Andy Marlow at Envirotecture invited Sean Maxwell from Pro Clima Australia to demonstrate the power of the blower door to a group of interested people at Narara Ecovillage in February. And it’s fair to say that it was a lot of fun for everyone to go hunting for leaks.
First, the Blower Door was set up and turned on. With the dimensions of the building in the computer, the test yields results almost instantly. This particular house, built for Tony and Teresa Farrell by Living Green Designer Homes, impressed participants right away.
The permeability of the home was about 3.4 m3/hr@50Pa per m2 of envelope area, or about 3.4 Air Changes per Hour at 50 Pascals (ACH50). To relate this to everyday terms, imagine all the air in the house being lost more than three times over when the house is under pressure. More air leaks mean you’ll have to pay more for heating or cooling.
The paradoxical thing about hunting for air leaks is, it’s really only fun when there are leaks to be found. For good buildings, it’s often a bit more detective work because the obvious things like seals around doors and windows don’t leak. This is where the art of design and construction for air tightness begins. Some tools will help.
During the workshop, we gave some participants tools like manometers with pressure hoses attached. It will show pressure differences across surfaces, which indicates leakage. For example, if you close the bathroom door and poke a hose under it, you can measure the pressure behind it. Pressure means that air is leaking into the bathroom and trying to make its way to rest of the house. We found some pressure and we investigated further.

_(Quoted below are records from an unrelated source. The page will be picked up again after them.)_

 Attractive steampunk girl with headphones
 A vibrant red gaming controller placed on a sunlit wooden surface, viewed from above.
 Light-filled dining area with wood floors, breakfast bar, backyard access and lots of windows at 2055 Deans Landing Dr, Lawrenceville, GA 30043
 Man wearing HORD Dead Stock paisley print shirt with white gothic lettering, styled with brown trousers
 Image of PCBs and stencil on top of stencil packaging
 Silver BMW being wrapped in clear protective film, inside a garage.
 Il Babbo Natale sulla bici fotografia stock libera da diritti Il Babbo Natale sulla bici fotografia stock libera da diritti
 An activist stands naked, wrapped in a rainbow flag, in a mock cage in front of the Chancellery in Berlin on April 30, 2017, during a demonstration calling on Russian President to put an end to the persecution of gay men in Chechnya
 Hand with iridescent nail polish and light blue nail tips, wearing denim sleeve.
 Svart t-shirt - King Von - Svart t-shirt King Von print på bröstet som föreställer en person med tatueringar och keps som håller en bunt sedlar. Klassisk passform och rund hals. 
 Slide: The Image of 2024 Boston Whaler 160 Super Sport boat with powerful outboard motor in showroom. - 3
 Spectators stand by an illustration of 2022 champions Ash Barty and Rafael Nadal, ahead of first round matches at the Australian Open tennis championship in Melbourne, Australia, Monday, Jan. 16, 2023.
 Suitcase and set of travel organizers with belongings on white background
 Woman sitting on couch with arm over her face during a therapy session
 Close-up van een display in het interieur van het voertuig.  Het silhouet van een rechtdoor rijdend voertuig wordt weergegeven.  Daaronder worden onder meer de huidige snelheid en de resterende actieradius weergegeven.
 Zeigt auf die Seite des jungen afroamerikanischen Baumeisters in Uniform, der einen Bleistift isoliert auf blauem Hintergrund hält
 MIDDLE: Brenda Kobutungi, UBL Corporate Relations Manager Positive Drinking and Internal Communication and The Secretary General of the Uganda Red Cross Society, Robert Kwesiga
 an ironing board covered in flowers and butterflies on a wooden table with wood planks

There was a hatch to the roof space in the bathroom. We opened the hatch and gave a participant a party fog machine to aim into the roof space to see where it was leaking to the outside.
Half the participants went outside to try to spot the leaks. They couldn’t hear any party music outside, but they could eventually spot the party smoke. Coming out of the roof eves, fog crept out from under the metal roofing. Because this roof space was supposed to be sealed to the outside, no fog should have been seen. It’s a bit hard to see in a photo, but below you may be able to spot fog leaking from the eve.
This is where good performance like 3.4 m3/hr/m2 could become peak performance like Passive House at 0.6 ACH50. In this house, some assemblies lacked a defined and well-executed interior air barrier like INTELLO. It is these elements that create a more specific barrier to air leakage that can then be checked for integrity.
In all, we had a great time with all the participants trying to find leaks and talking about the importance of checking your building design for proper air barrier specifications, then checking the built project along the way with quality assurance tools like the Blower Door. The power of these tools is to help you learn from your successes and mistakes to find the most efficient ways to reach your goals.